August 21, 2014
Credit is still tight in the U.S., making it especially difficult for small and medium-sized businesses to grow. This is no less true for entrepreneurs or business owners considering franchising their successful business. The lending industry continues to insist capital is available if you have good credit, adequate cash flow, and a lot of patience. Still, traditional sources of financing may not be viable–or even desirable–for everyone. You need a plan, a strategy and a guide.
You may be wondering what your strategy for obtaining franchising capital should include. Of course, you should work closely with a business attorney, an accountant, and perhaps even a franchising consultant (especially in this volatile economy), and the suggestions below are broad generalizations. Your mileage may vary. Still, here are some points to help you get started thinking about your franchise company’s financing strategy.
You need to create a clear picture of your company’s financial situation. Answer a few key questions, like, “What assets do we have,” and “How much debt do we have, and what kind is it, and what are the terms of repayment.” Also, you need to be thinking long-term. That means asking really though questions, too. For example:
- How much do you need to fund the franchise company’s operations in the first year? The first 3 years?
- When will your cash flow be in the black?
- How are you going to pay yourself and your bills during this time?
Of course, it’s nice to be able to say, “I’m going to be in the black in the first 18 months,” but can you back that up with reliable projections? You need to get all of this in place before you ever approach a potential financier or lender.
Franchisors can be a great source of information about where to get started. After all, they have a powerful incentive to help you. They want you earning a profit as soon as possible to generate royalties to pay to them.
Consider that lenders are risk-averse. They need to feel good about you and your company, and the numbers have to add up to real dollars and cents in a way that makes sense. If you have a realistic plan, a lender is going to be more confident in your legitimacy and competence than if you have an overly optimistic plan that might suggest you see the world through rose-colored glasses.
Other franchisees are another source of information you should tap into, especially if you already have a few networking connections. Reach out to those folks, and ask them about how they acquired franchising capital, who they would recommend, who they would avoid, and whether they have any advice or advisors you should heed. Learn from others’ mistakes.
Finally, consider multiple funding sources. Diversifying your debt portfolio can be almost as important and valuable as diversifying your investment portfolio. Different lenders may specialize in funding different kinds of deals. Some lenders focus on lending for franchise fees, while others focus on lending for the purchase of real estate or equipment or inventory. Plus, if you can get approved for one kind of loan, you might be able to leverage that success to convince another, different kind of lender that your venture is a sound investment for them.
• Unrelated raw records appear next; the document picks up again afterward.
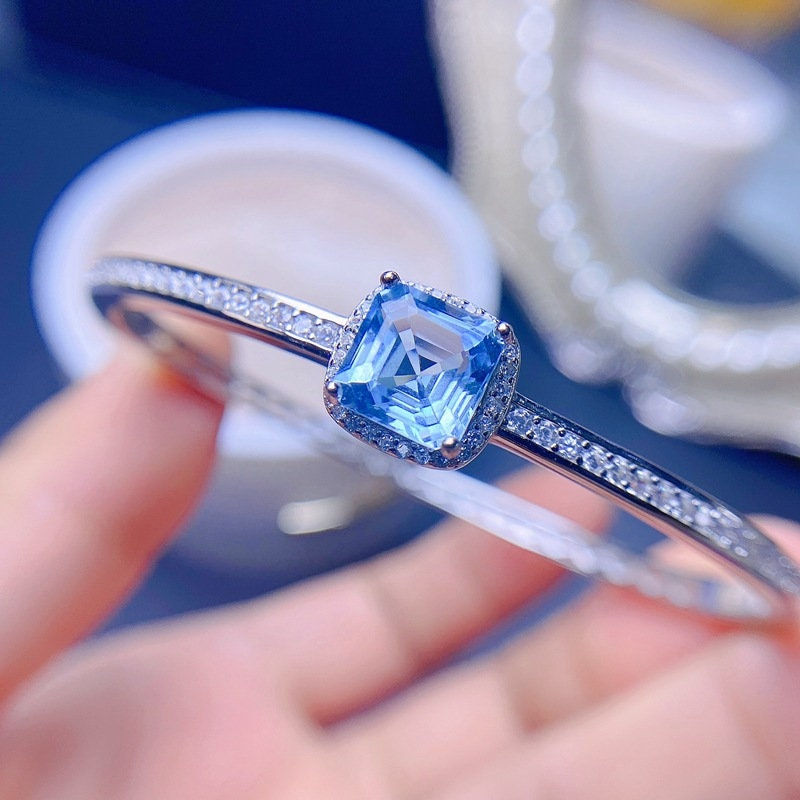 縮圖：18K Platinum Swiss Blue Topaz Bracelet, Sagittarius Bracelet | FME - B062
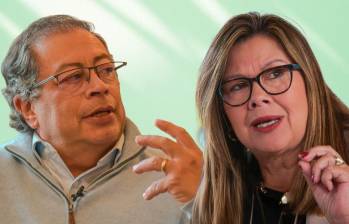 El presidente Gustavo Petro y la fiscal Luz Adriana Camargo. Fotos: Presidencia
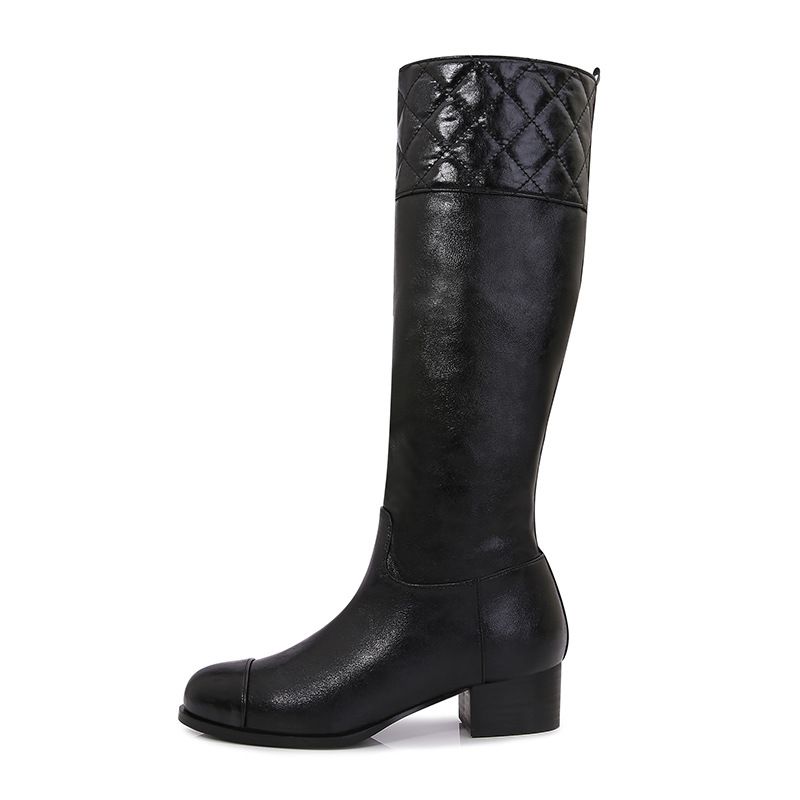 Autumn And Winter New Xiaoxiangfeng Knight Boots Thick Heel High Boots Thin Color Matching Women's Boots_vogvips.com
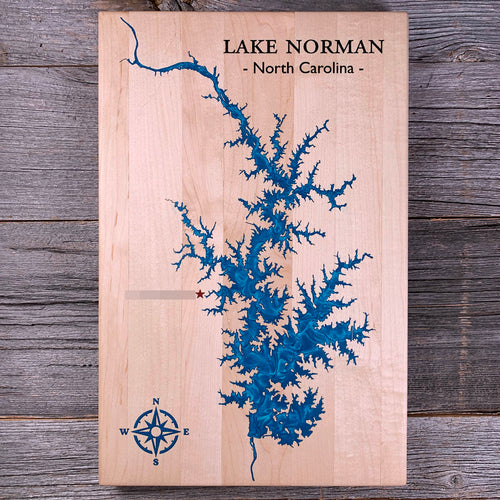 Epoxy map of Lake Norman, Mooresville, North Carolina, USA, handmade by Keyway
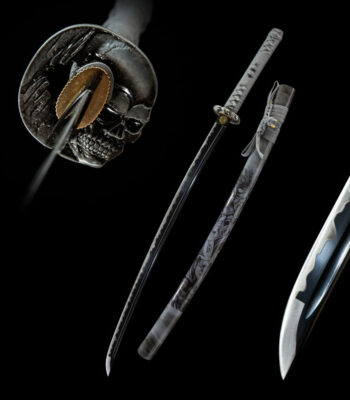 Tenmoku Japanese sword main components disassembled display, including blade, scabbard, handle, and fittings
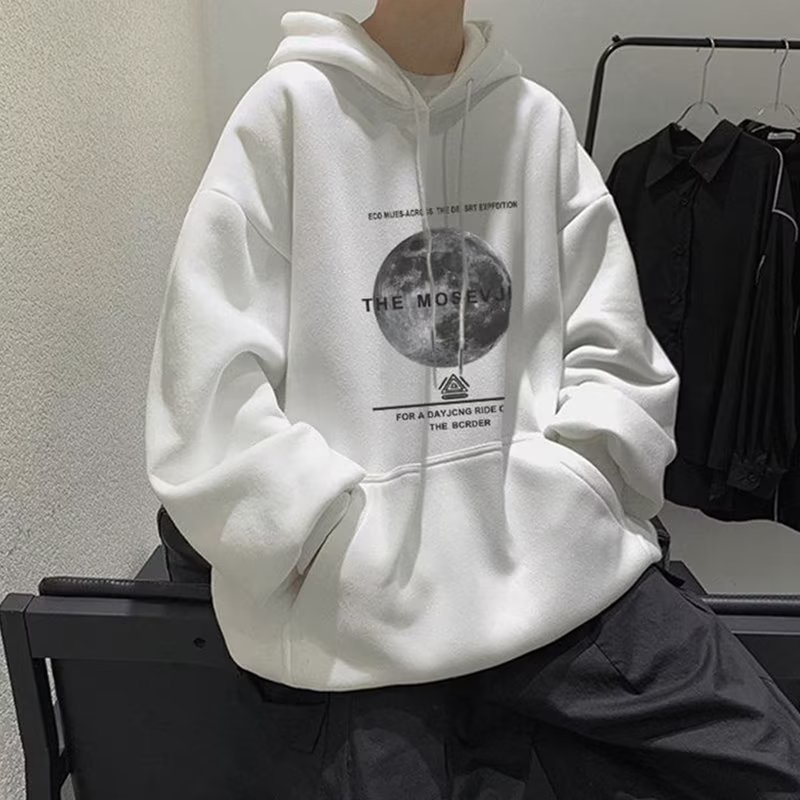 Áo hoodie Tay Dài Dáng Rộng In Hình Mặt Trăng plus size Phong Cách Hàn Quốc Cho Nam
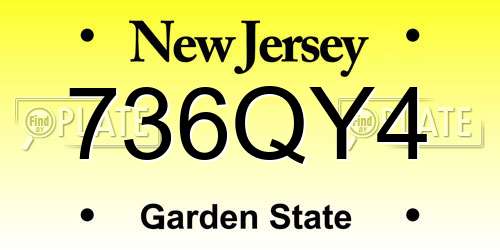 736QY4 New Jersey License Plate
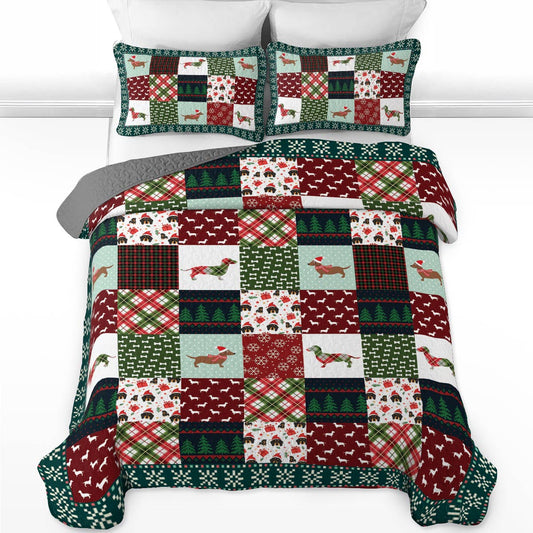 Shineful All Season Quilt 3-Piece Set Dachshund Christmas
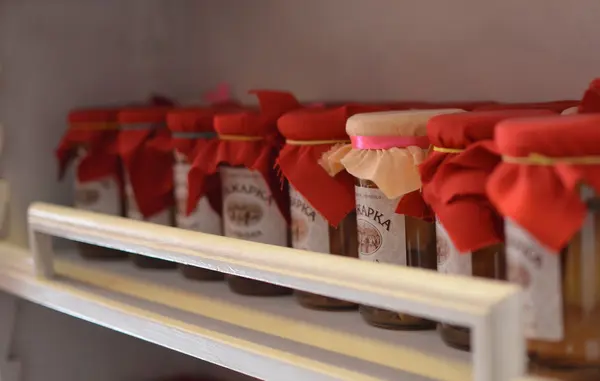 Jars on the shelf — Stock Photo, Image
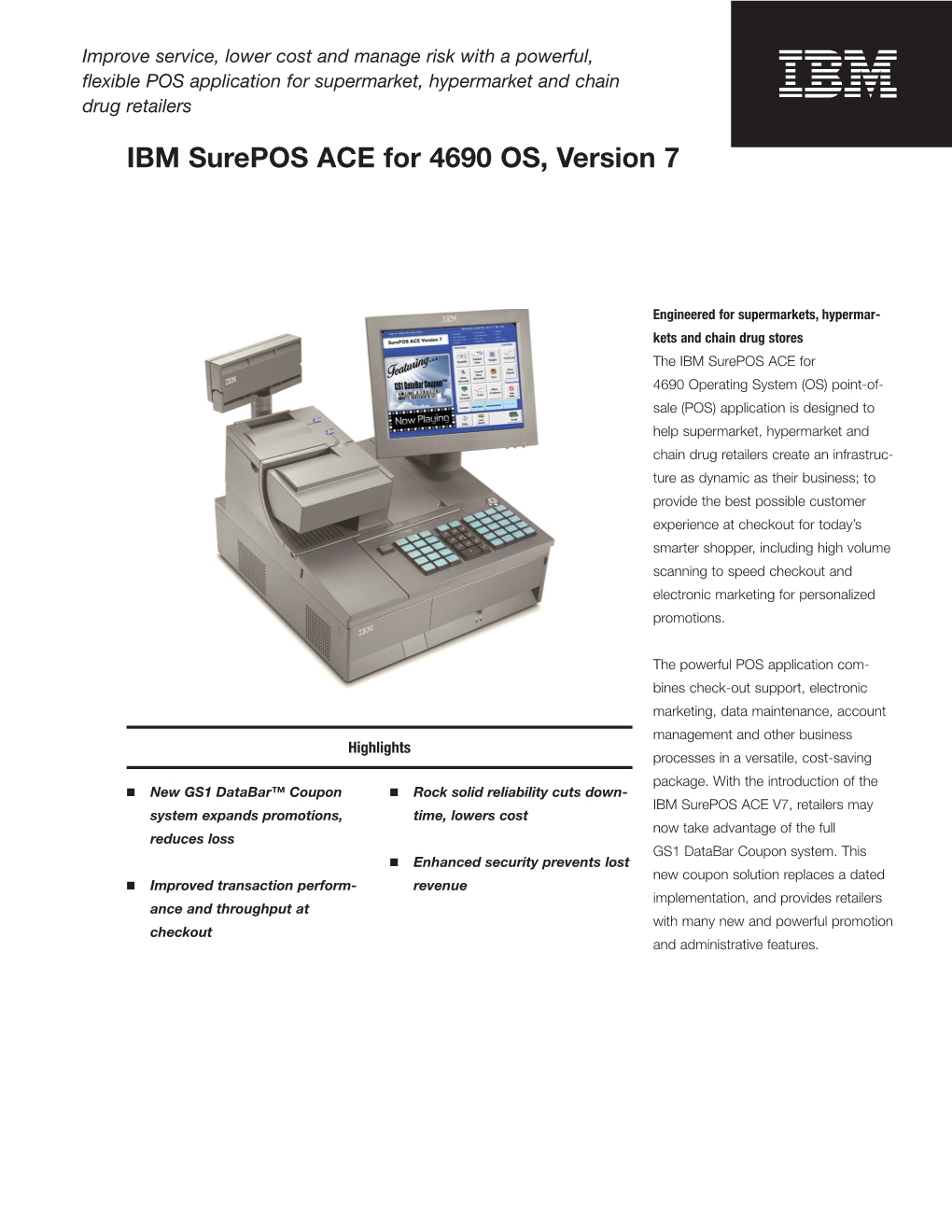 IBM Surepos ACE for 4690 OS, Version 7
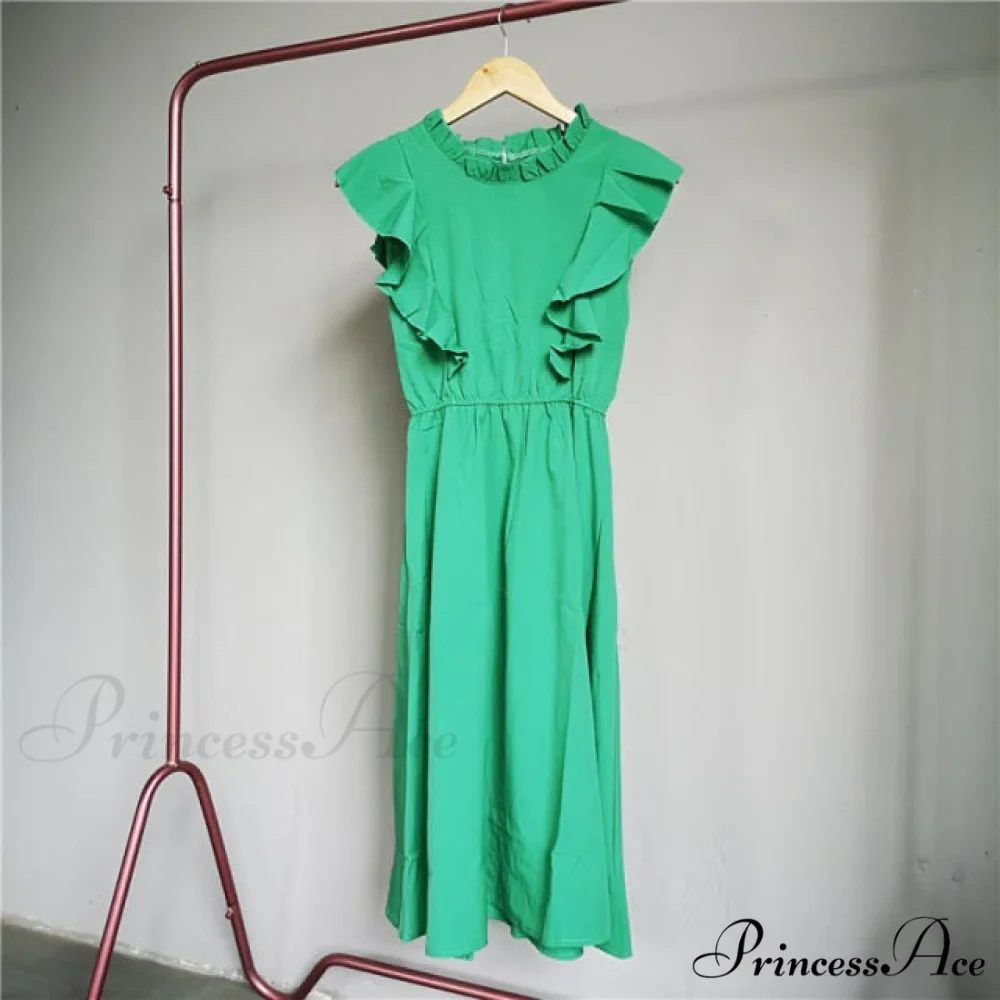 New Butterfly Sleeve Ruffles Medium Long Dress - Image 12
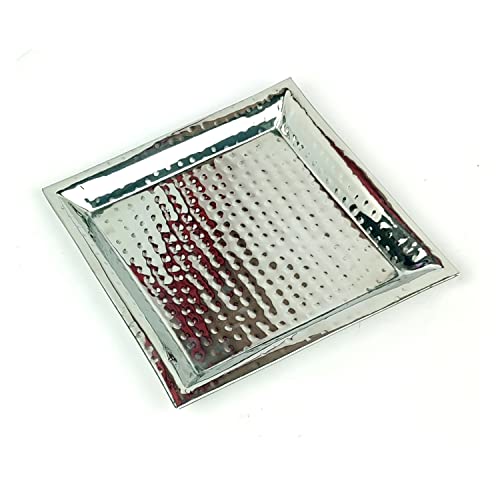 Hammered Copper Serving Tray and Platter, Stainless Steel Tray for Appetizer, Silver Serving Tray - Chrome Platters (Square)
The major sources of franchising capital, in no particular order, are:
- Investors and Business Partners, including Venture Capital (VC) firms;
- The Small Business Administration (SBA);
- Franchisors on the SBA’s franchise registry (in that they assist with SBA loans);
- Your own retirement funds, investments, etc. (Avoid this, if you can!);
- A Home Equity Line of Credit (HELOC);
- Banks and other traditional lenders;
- Franchise Loan Packagers;
- Equipment Leasing Companies;
- Landlords (tenant improvement allowances, free rent, or reduced rents if an anchor tenant moves out, etc.);
- Veterans (SBA’s Patriot Express Pilot Loan Initiative);
- The IFA Diversity Institute and MinorityFran;
- State and Local Governments and the Federal Government (often through grants, special loans, or special tax incentives); and
- Franchisors, themselves.
Whatever route you choose to acquire financing or other capital for your franchise company, make sure you, at least, have a business attorney review any contracts before you sign them to make sure you are aware of the risks. As a friend of mine, an Eagle Scout with 6 Palms, is fond of saying, “Proper Prior Planning Prevents Pitifully Poor Performance.” Preventive Law is all about addressing legal concerns before they become expensive legal problems. If you have a solid plan, you will find it much easier to obtain the franchising capital your new franchise company will need.